> If apps are not allowed to be installed, app updates stop. I have to allow app installations, install updates, then block app installations again.
Presumably this is because apps could add individual features parents don't approve of between updates.
If you're locking down what apps you want your kids to use (to an individual whitelist of apps, not just by maturity rating), you're essentially stepping into the role of an enterprise MDM IT department, auditing software updates for stability before letting them go out.
What would you propose instead here?
I presume you'd personally just be willing to trust certain apps/developers to update their apps without changing anything fundamental about them. But I think that most people who are app-whitelisting don't feel that level of trust torward apps/developers, and would want updates to be stopped if-and-only-if the update would introduce a new feature.
So now, from the dev's perspective, you're, what, tying automatic update rollout to whether they bump the SemVer minor version or not? Forcing the dev to outline feature changes in a way that can be summarized in a "trust this update" prompt notification that gets pushed to a parent's device?

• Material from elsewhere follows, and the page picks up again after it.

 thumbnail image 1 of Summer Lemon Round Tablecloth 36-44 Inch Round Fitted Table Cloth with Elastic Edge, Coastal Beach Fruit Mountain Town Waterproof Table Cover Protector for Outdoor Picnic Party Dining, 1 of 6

"you're essentially stepping into the role of an enterprise MDM IT department, auditing software updates for stability before letting them go out."

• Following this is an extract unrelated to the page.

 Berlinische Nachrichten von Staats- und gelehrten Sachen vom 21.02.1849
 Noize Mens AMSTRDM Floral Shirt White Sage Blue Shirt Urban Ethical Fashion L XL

If my daughter's Spotify app breaks after an update she knows to immediately contact my on-call pager and alert our family CEO and legal department.

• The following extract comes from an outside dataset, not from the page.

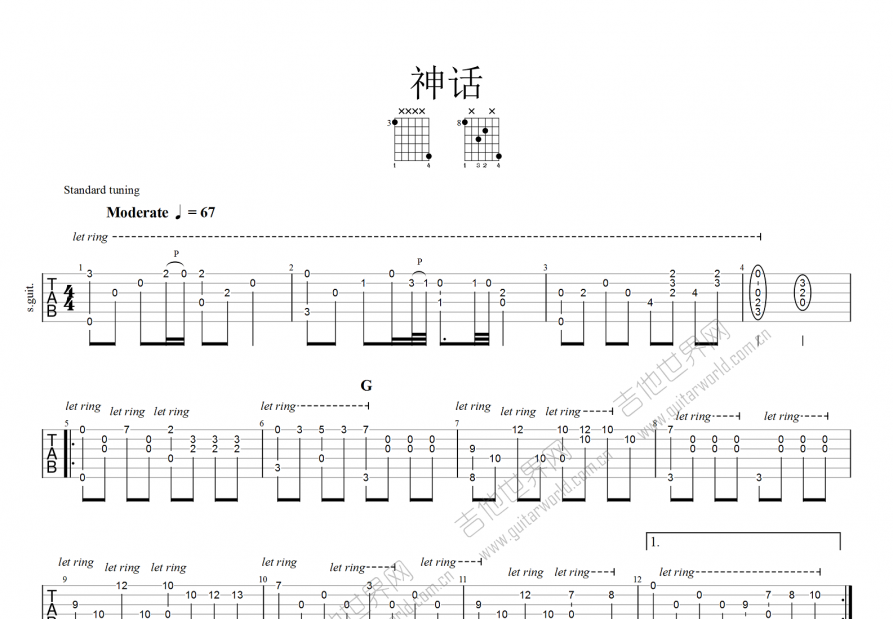 神话吉他谱预览图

Just give me a checkbox that allows updates.
If an app developer changes something fundamental about the app, then the changes will be subject to the app store age guidelines. If the app is recategorised to 18+ it won't be able to install anyway. Billions of devices around the world have auto app updates turned on. The risk of a rogue update is outweighed by the benefit of getting instant access to security updates. I'm managing a kids iPad with a couple of mainstream games and school apps installed, not running a fortune 500.